Именно в эти годы закладывались основы традиций интерпретации татарского костюма для национального балета. В эскизах сохранились следы поиска лучшего пластического и решения костюмных образов для первого и второго акта, где просматривается тенденция усложнения и одновременно упрощения цветовой гаммы; усиление роли цвета, общего силуэта или деталей костюма, их равнозначности или соподчинения. Первостепенная роль отводится этноспецифическим элементам костюма: головным уборам, обуви, украшениям. Для изготовления балетных костюмов использовались дорогие натуральные ткани – крепдешин, шёлк, креп-жоржет, они отделывались пухом, расшивались галуном и нитками бус. К сожалению, костюмы были «скроены неправильно», по этой причине «танцы потеряли выразительность».
Интересны эскизы «свиты» Шурале, остро выраженные в характере силуэта, выявленные в цвете, но не расшифрованные в костюме. Персонажи нарисованы в стремительном движении вверх, не касающемся земли, что соответствовало авторскому замыслу балетмейстера; правда, критики считали, что «нечисть должна придерживаться нижнего плана».
После премьеры казанская пресса писала: «Брунак создала цельный и яркий спектакль, <…> ввела классические элементы в национальную основу татарских танцев, сумев при этом сохранить в них единый стиль… Танцы лешего, ведьм и лесной нечисти построены динамично и разнообразны по рисунку...».

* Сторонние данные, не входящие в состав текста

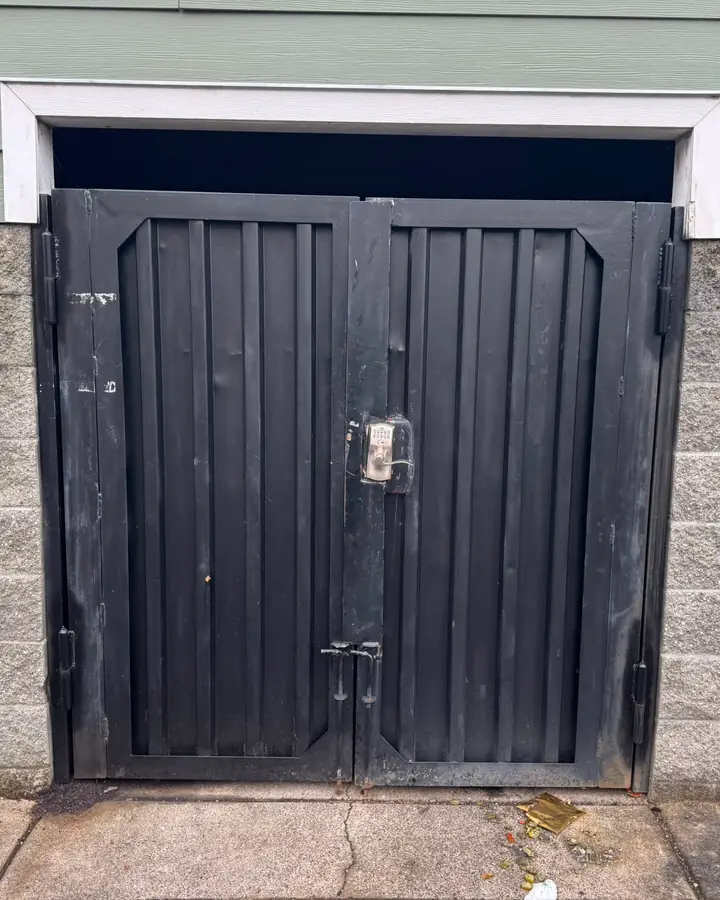 Weathered black steel double swing gate with keypad and cane bolts in block wall — Interstate Gate Repair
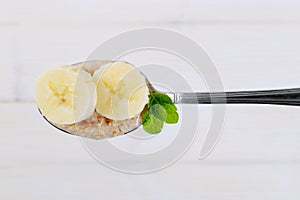 Spoon of oatmeal porridge with banana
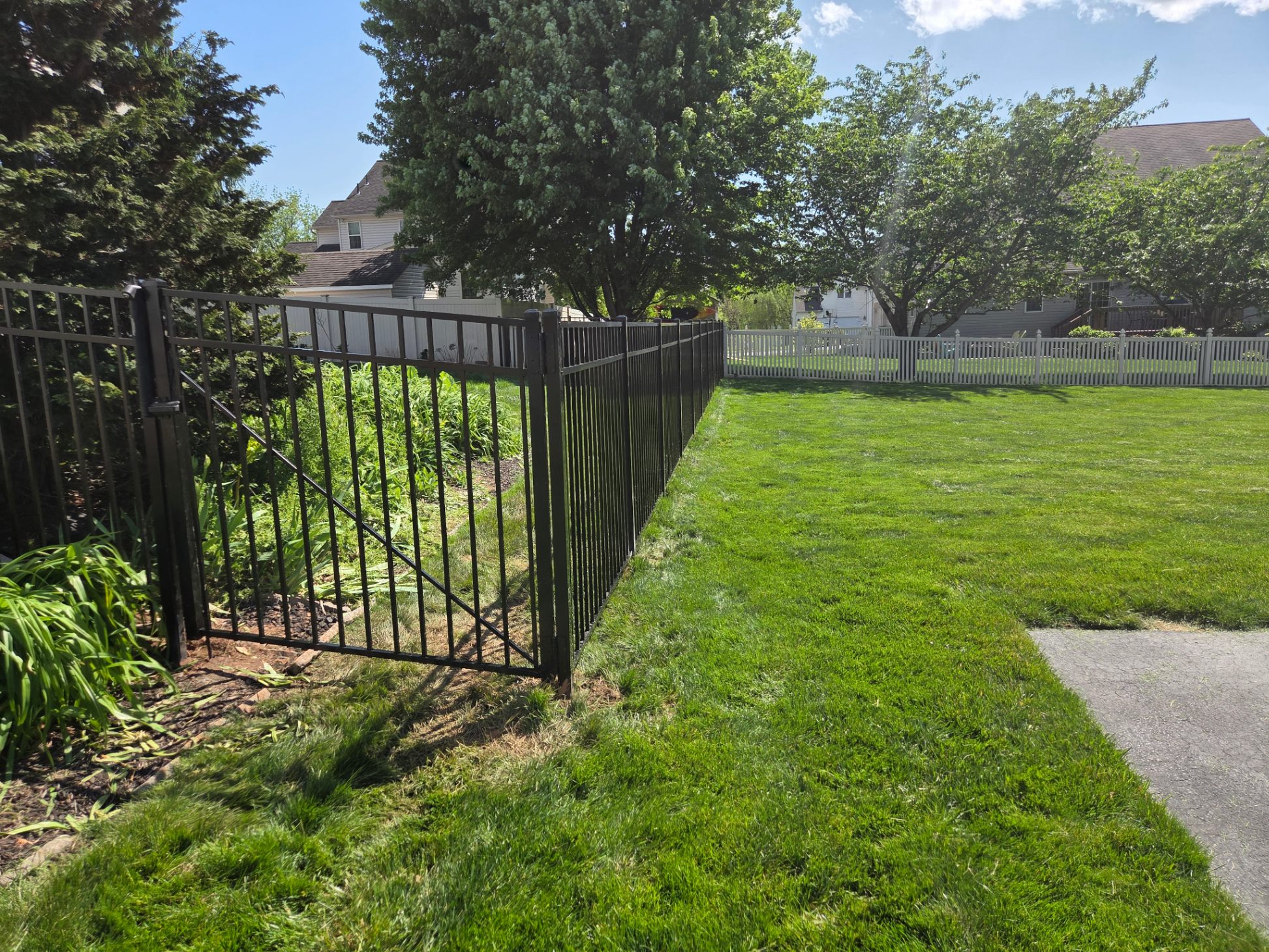 Black aluminum fence with gate — residential yard PA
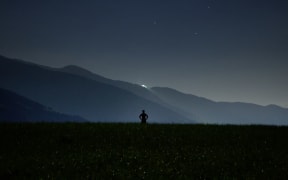 person alone in mountains at night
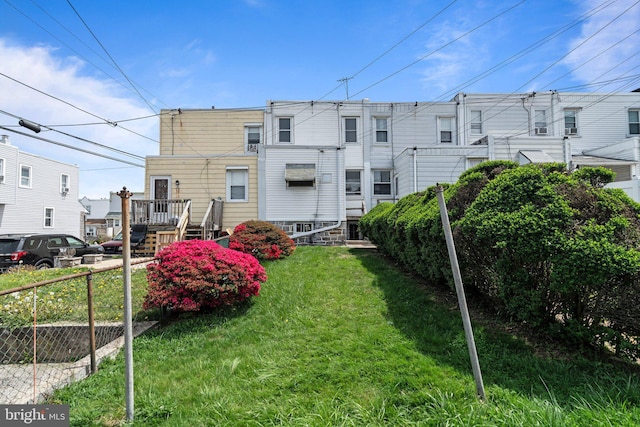 back of house featuring a lawn, fence, and a residential view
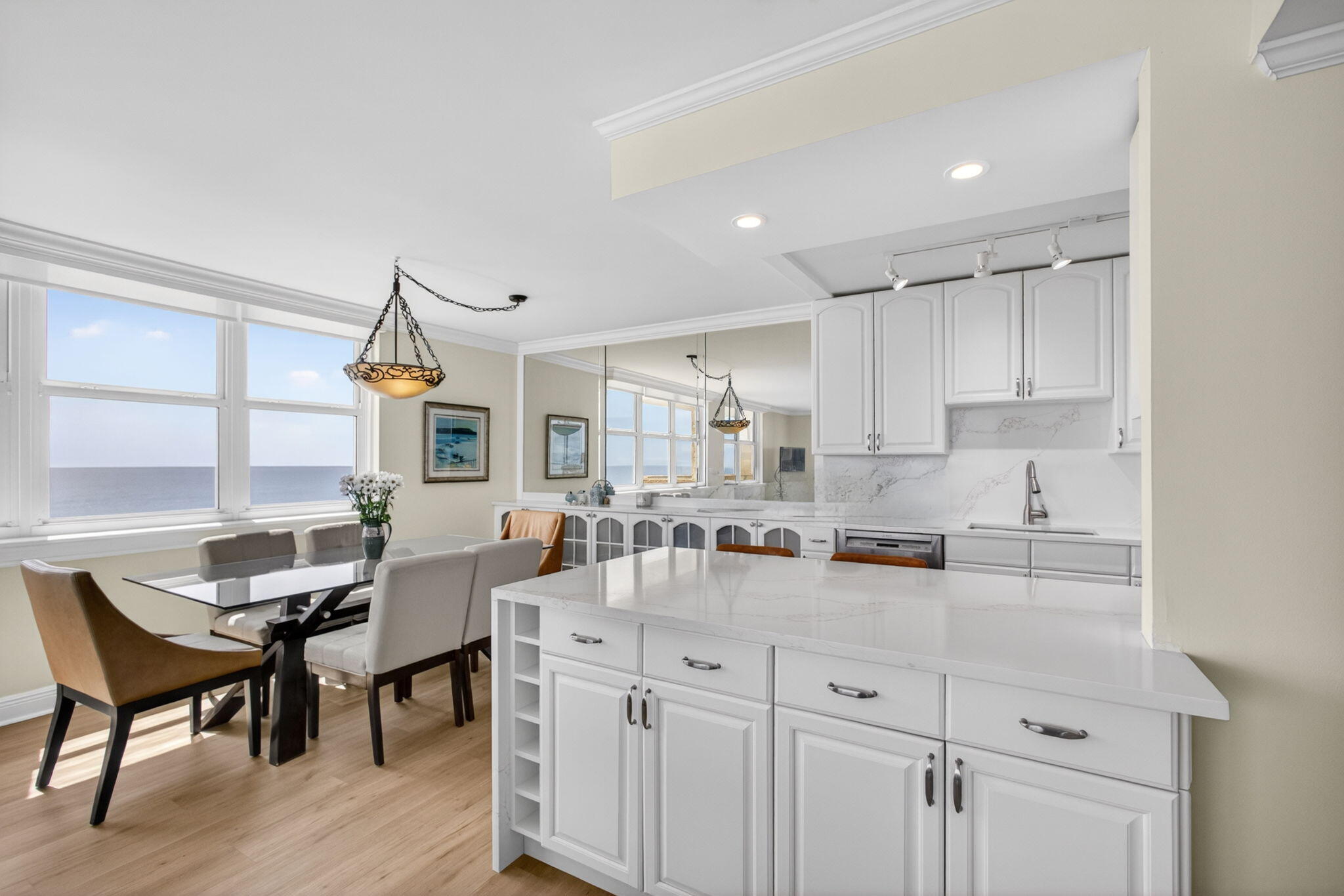 5440 North Ocean Drive, Unit 1006 Riviera Beach, FL 33404 - Photo 7 of 57 a kitchen with granite countertop a table chairs stove and cabinets
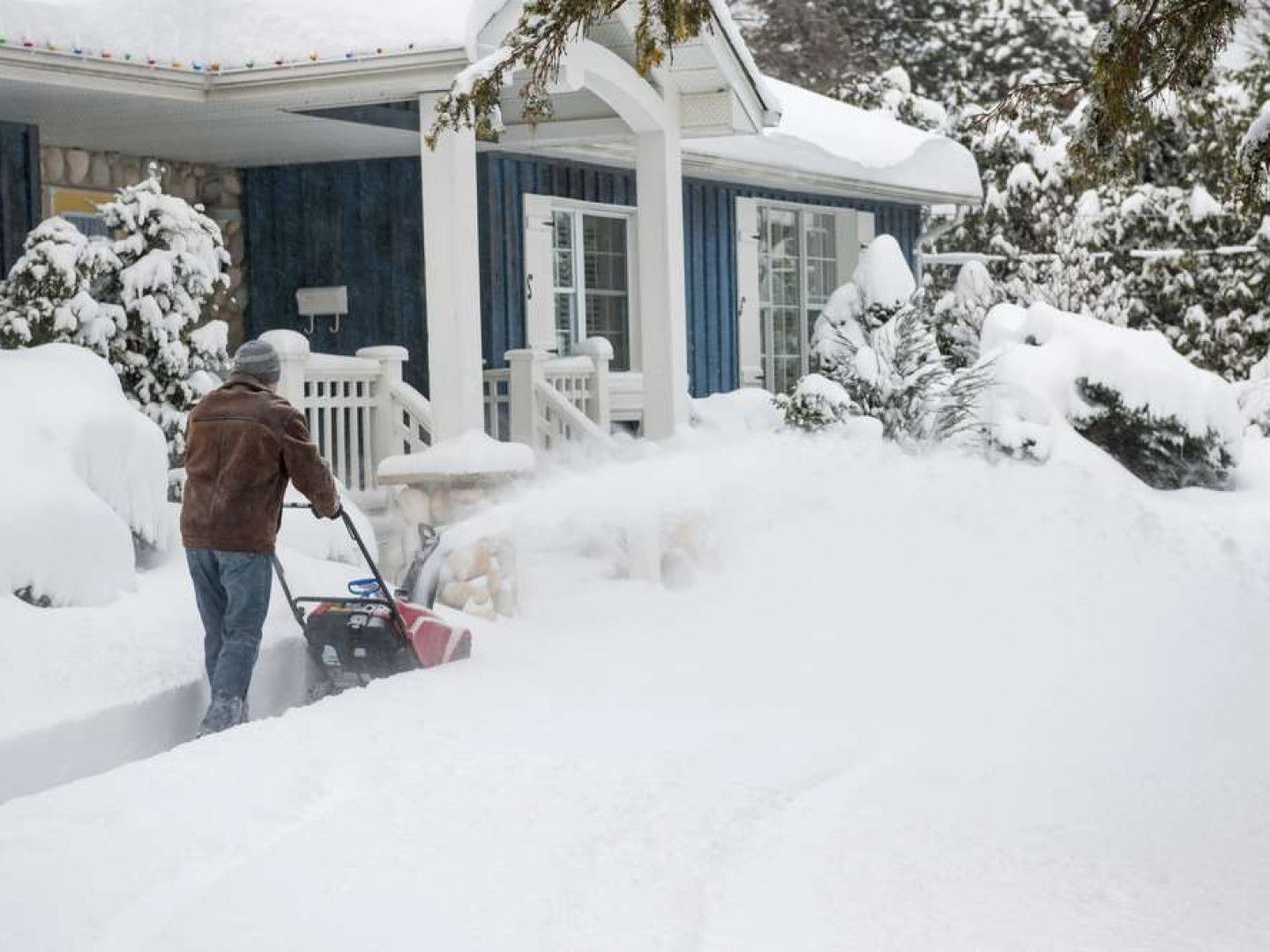 Person clearing deep snow from a blue house walkway with a snow blower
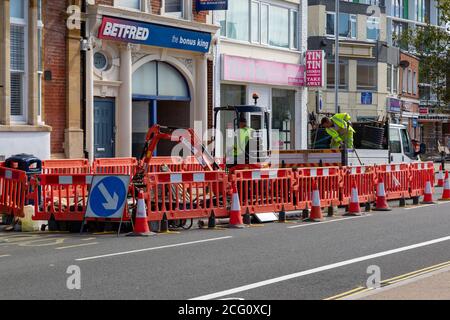 Straßendienstmitarbeiter graben eine Straße mit Verkehrsbarrieren aus Um sie herum Stockfoto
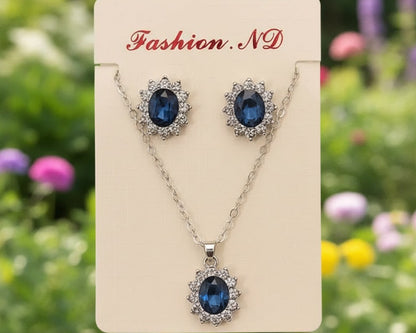 Jewelry set with blue gemstones on a 'Fashion ND' card against a blurred floral background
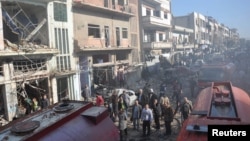 Syrian army soldiers and civilians inspect the site of two bombings in the Syrian city of Homs, in this photo provided by the state-owned Syrian Arab News Agency (SANA), Dec. 28, 2015.
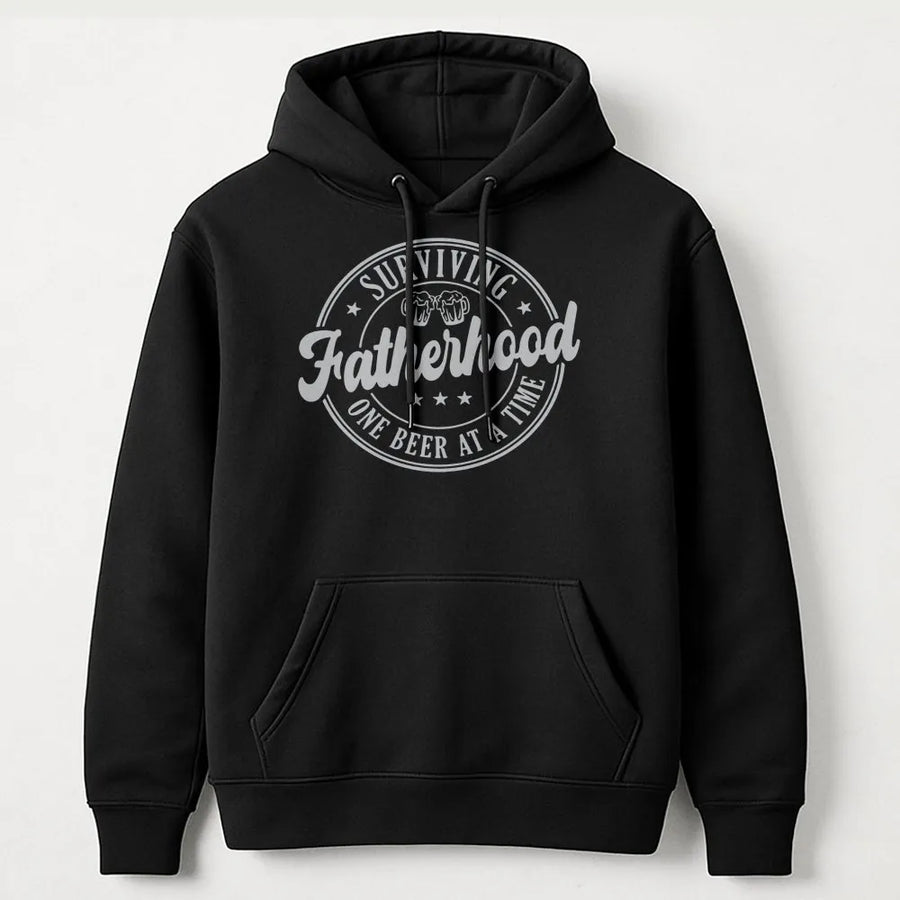 Surviving Fatherhood Hoodie | Funny Beer Lover Graphic Print | Premium Cotton-Blend Pullover | Unique Dad Gift For Father's Day 2026 Birthday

Прима-балерина театра Нинель Даутовна Юлтыева, уже будучи известным хореографом, считала постановку 1953 года лучшей в истории «Шурале». В книге «Адажио моей памяти» она пишет: «Опираясь на музыкальную драматургию и лексику классического танца, Я.Е.Брунак использовала ряд движений, свойственных татарским народным играм и танцам. Таким образом, не нарушая стиля классической хореографии, она привнесла в спектакль национальный колорит, дух народной сказки».